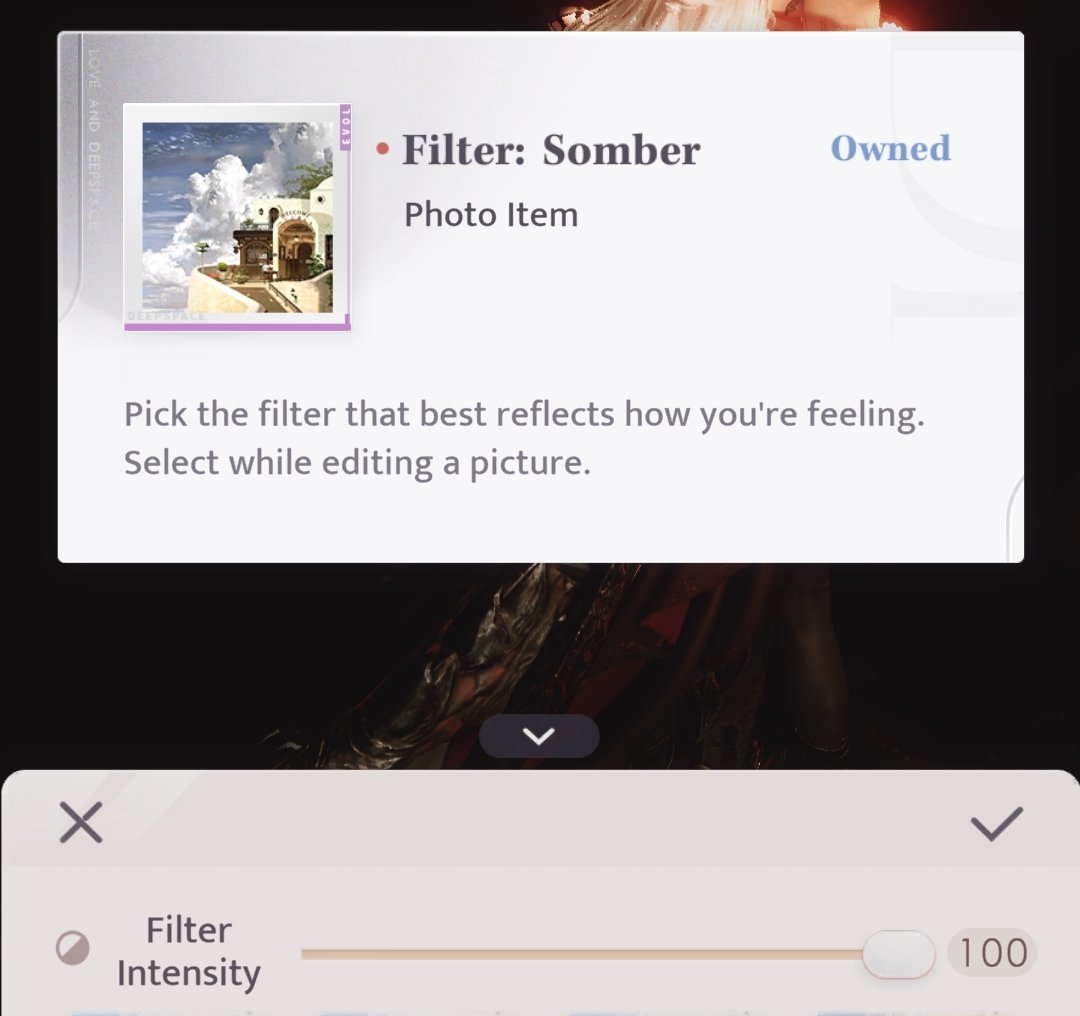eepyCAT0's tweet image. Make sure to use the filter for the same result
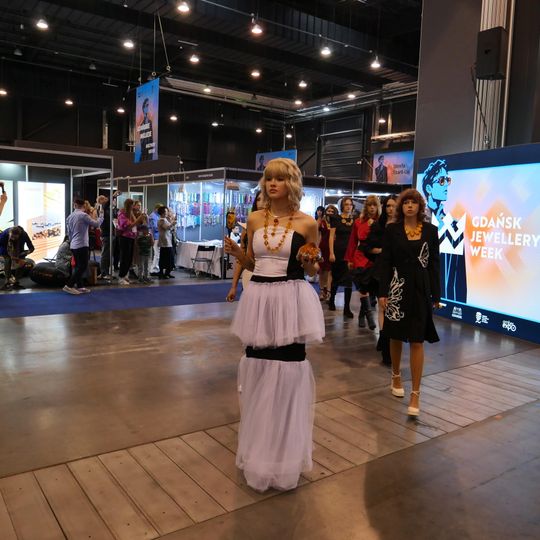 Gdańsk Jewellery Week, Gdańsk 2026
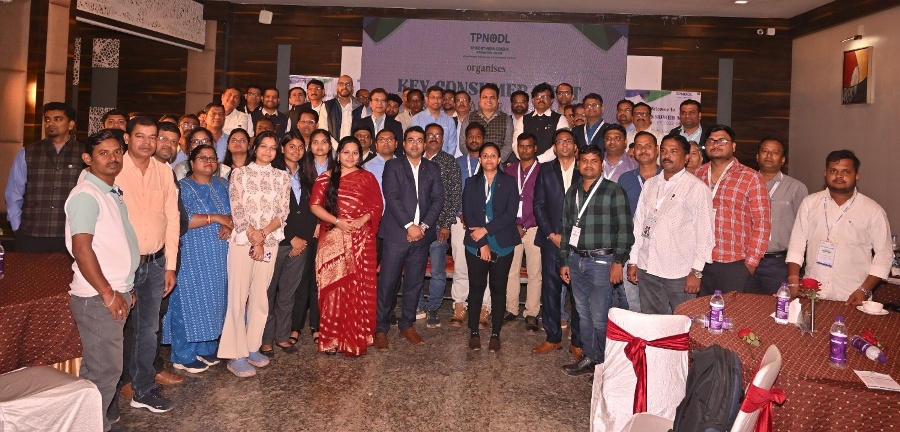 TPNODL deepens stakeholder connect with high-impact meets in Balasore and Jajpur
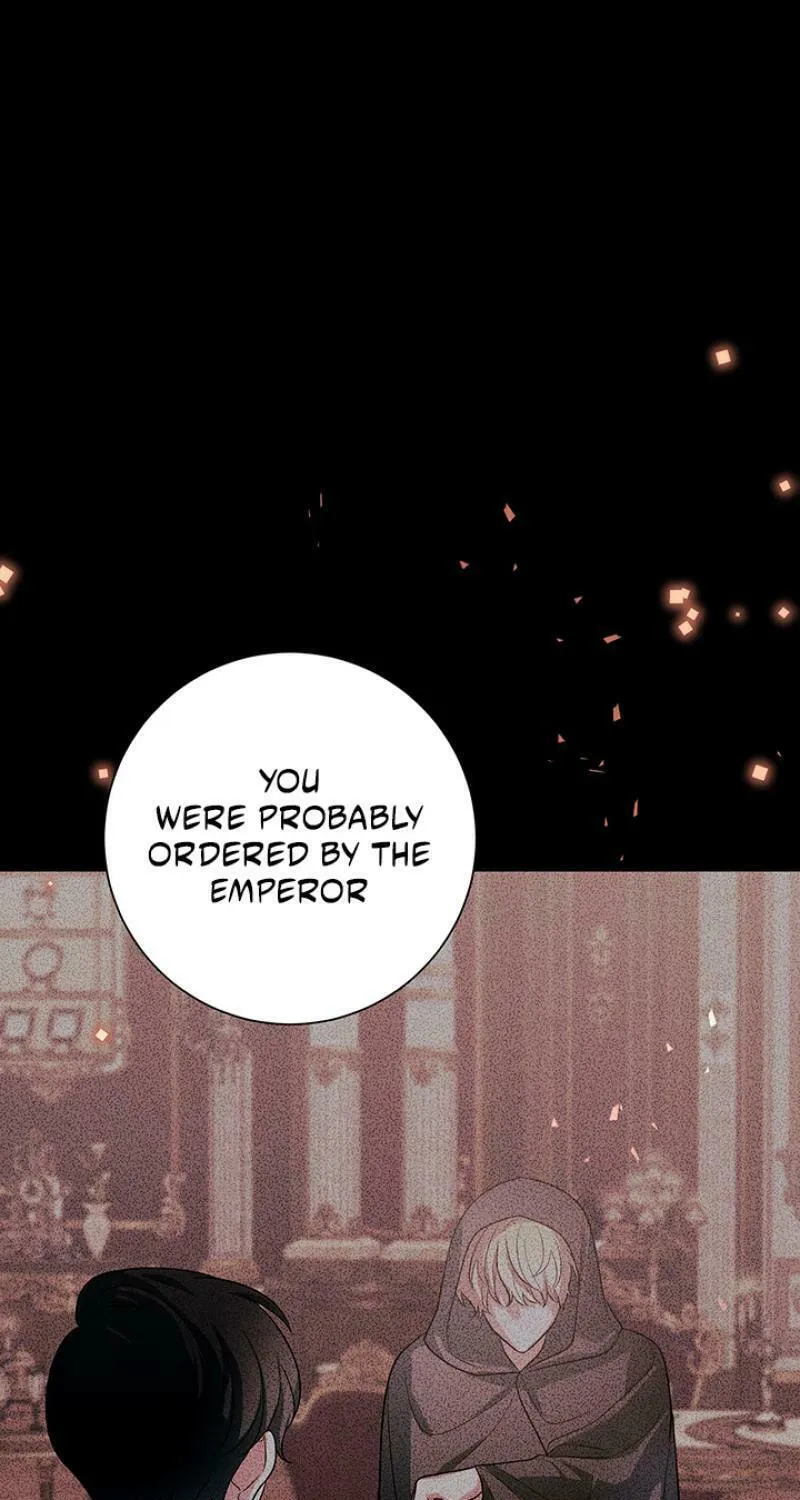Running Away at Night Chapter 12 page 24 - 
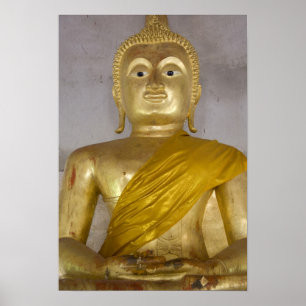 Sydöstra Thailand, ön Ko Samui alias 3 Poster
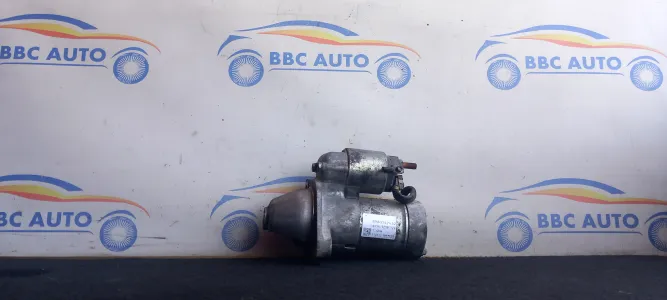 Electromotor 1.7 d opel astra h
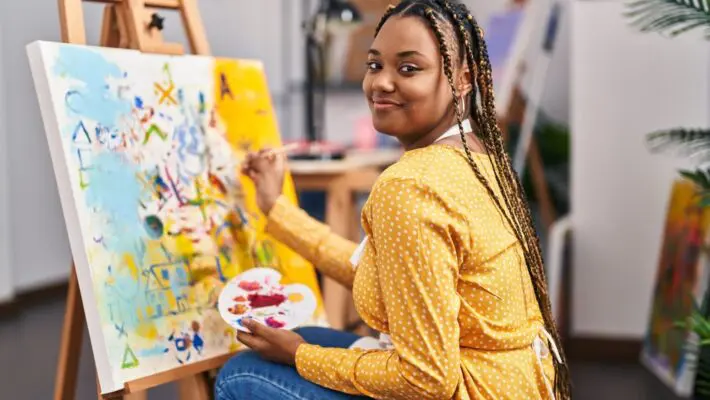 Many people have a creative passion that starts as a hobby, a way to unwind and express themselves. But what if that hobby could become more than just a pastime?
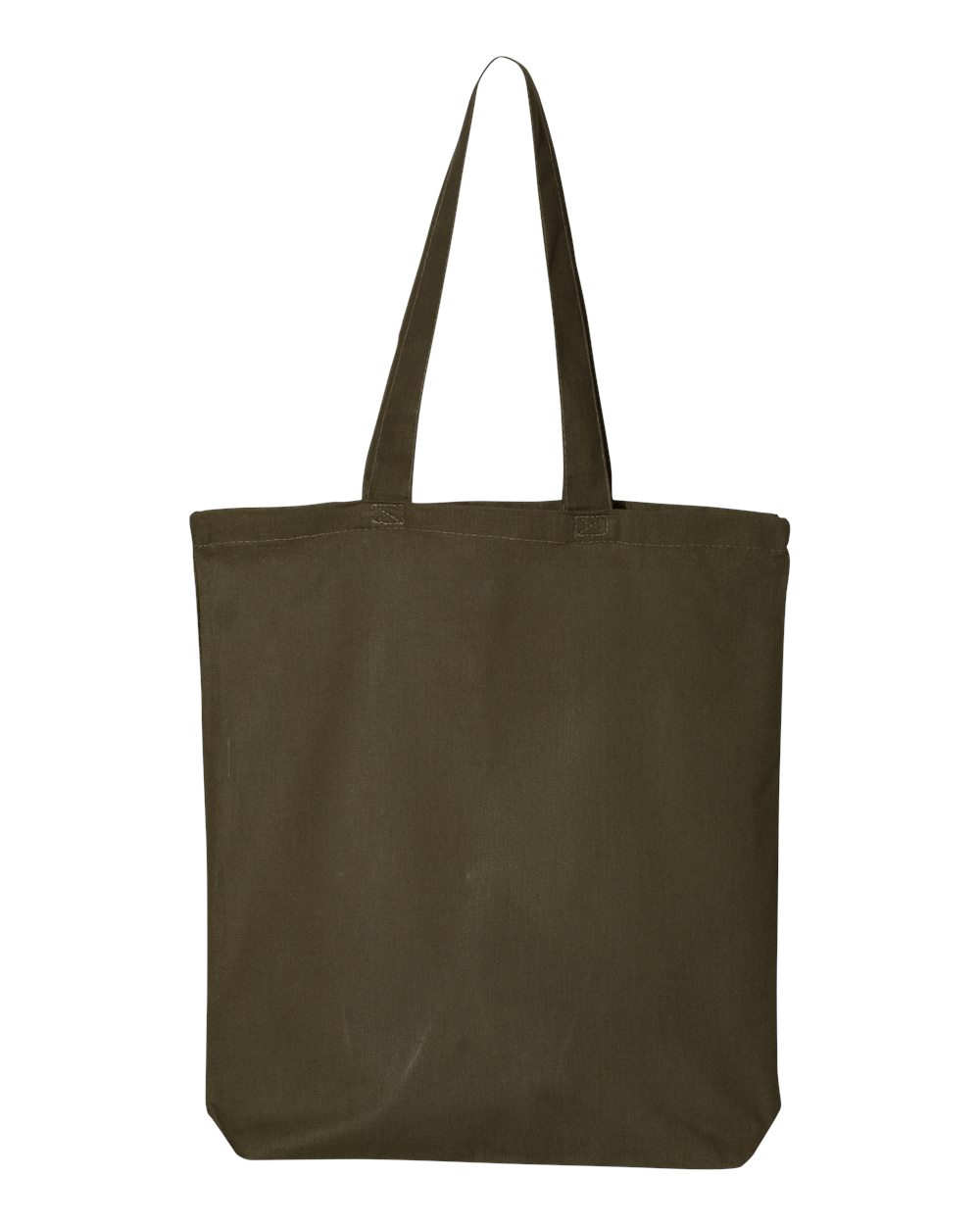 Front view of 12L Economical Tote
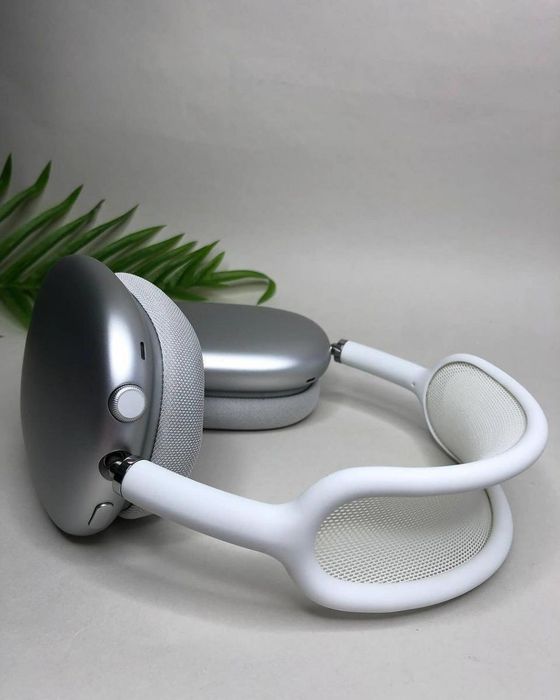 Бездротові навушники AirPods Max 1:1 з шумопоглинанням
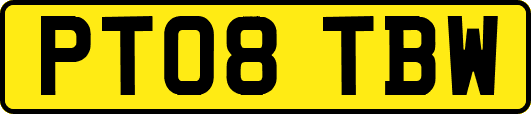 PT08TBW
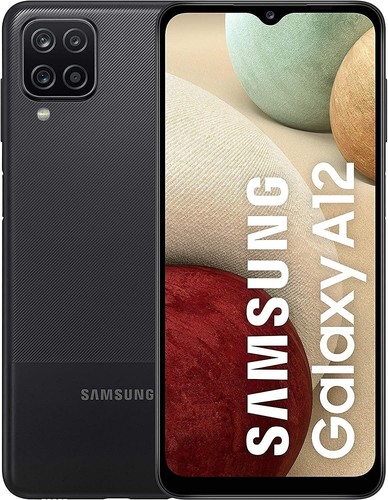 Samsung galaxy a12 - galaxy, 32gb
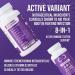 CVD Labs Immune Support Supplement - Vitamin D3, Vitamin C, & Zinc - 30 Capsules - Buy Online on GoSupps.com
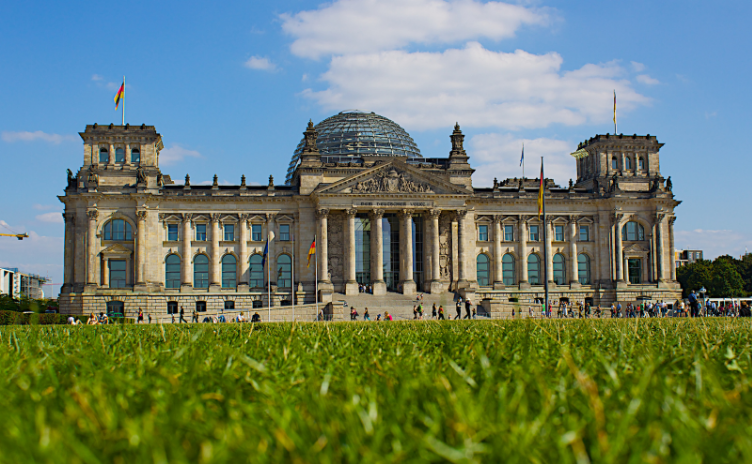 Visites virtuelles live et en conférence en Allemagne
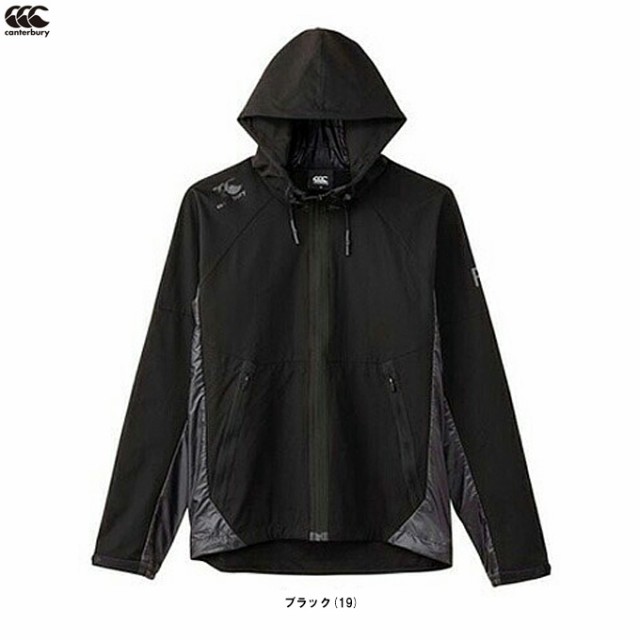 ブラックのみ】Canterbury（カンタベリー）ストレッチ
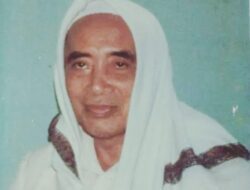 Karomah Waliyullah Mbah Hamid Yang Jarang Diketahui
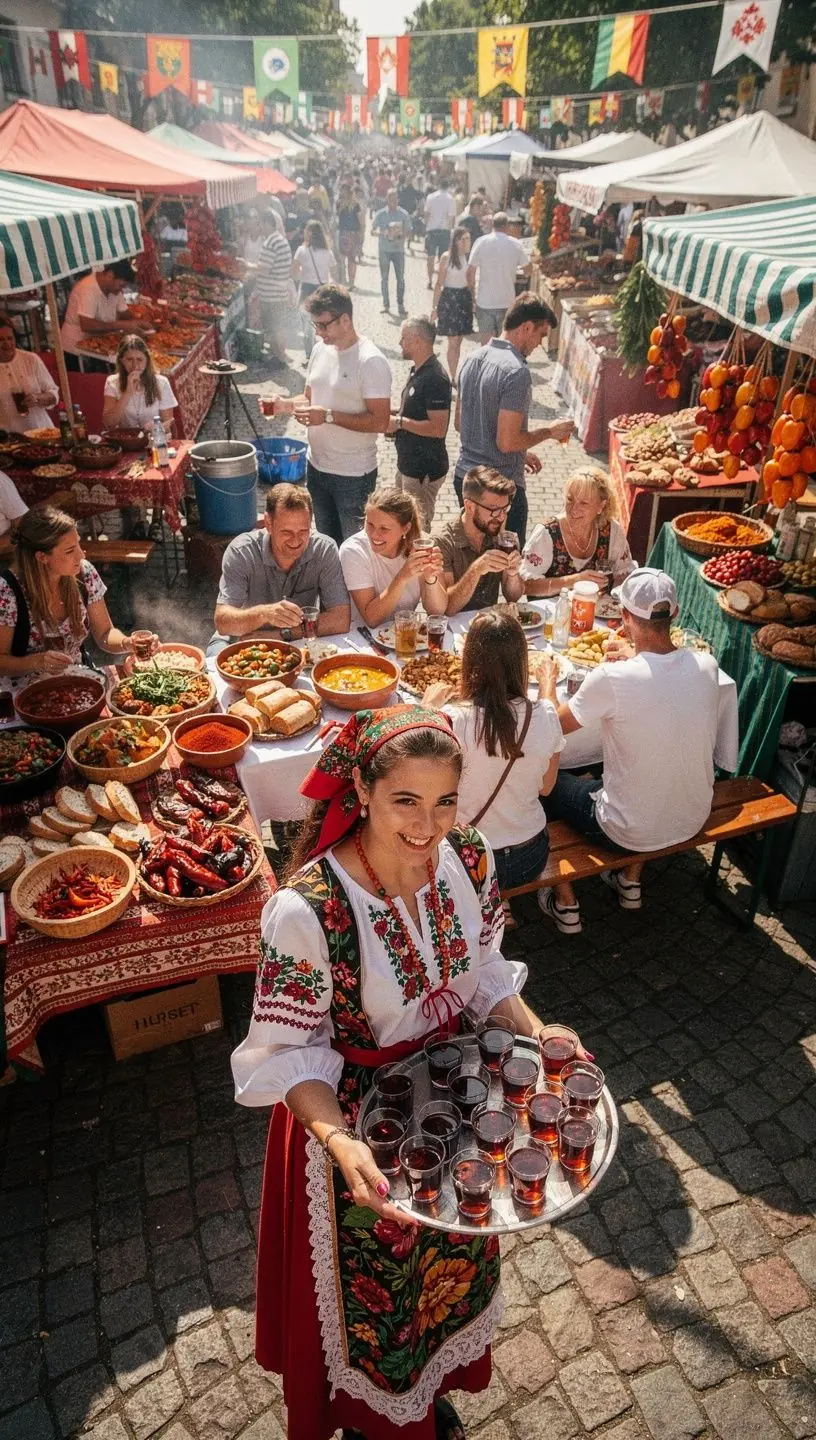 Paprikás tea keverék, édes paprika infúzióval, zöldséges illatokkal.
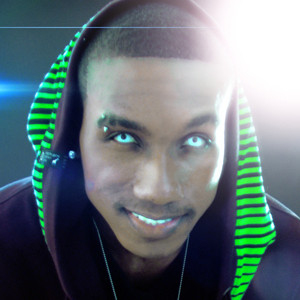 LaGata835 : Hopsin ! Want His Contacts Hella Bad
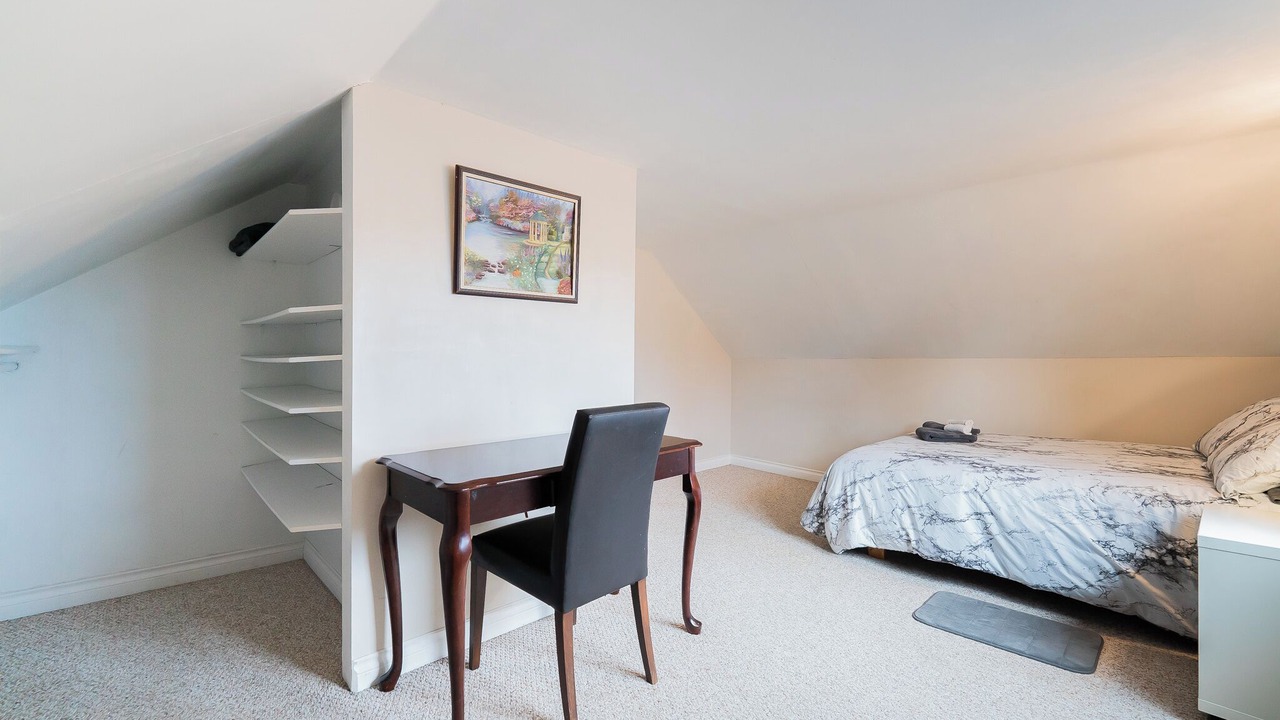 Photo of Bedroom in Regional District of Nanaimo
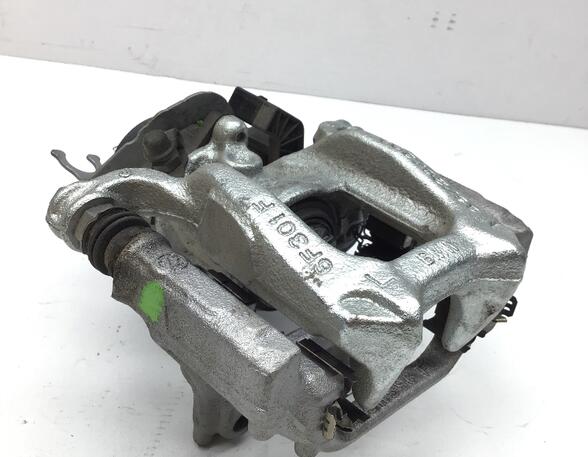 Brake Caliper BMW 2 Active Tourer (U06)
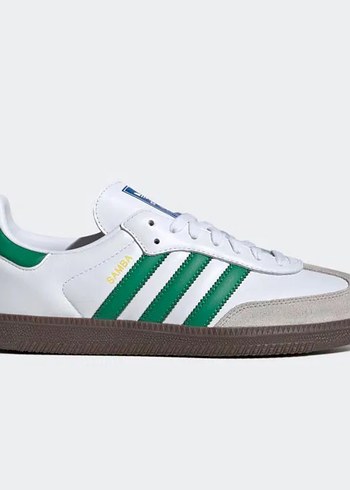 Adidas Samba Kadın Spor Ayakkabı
────────────────────
## To do
Starting at the line that holds "Бездротові навушники AirPods", retype every line through the end of the data, both ends included. Pictures stay out of the copy.

## Written response
 Бездротові навушники AirPods Max 1:1 з шумопоглинанням
 PT08TBW
 Samsung galaxy a12 - galaxy, 32gb
 CVD Labs Immune Support Supplement - Vitamin D3, Vitamin C, & Zinc - 30 Capsules - Buy Online on GoSupps.com
 Visites virtuelles live et en conférence en Allemagne
 ブラックのみ】Canterbury（カンタベリー）ストレッチ
 Karomah Waliyullah Mbah Hamid Yang Jarang Diketahui
 Paprikás tea keverék, édes paprika infúzióval, zöldséges illatokkal.
 LaGata835 : Hopsin ! Want His Contacts Hella Bad
 Photo of Bedroom in Regional District of Nanaimo
 Brake Caliper BMW 2 Active Tourer (U06)
 Adidas Samba Kadın Spor Ayakkabı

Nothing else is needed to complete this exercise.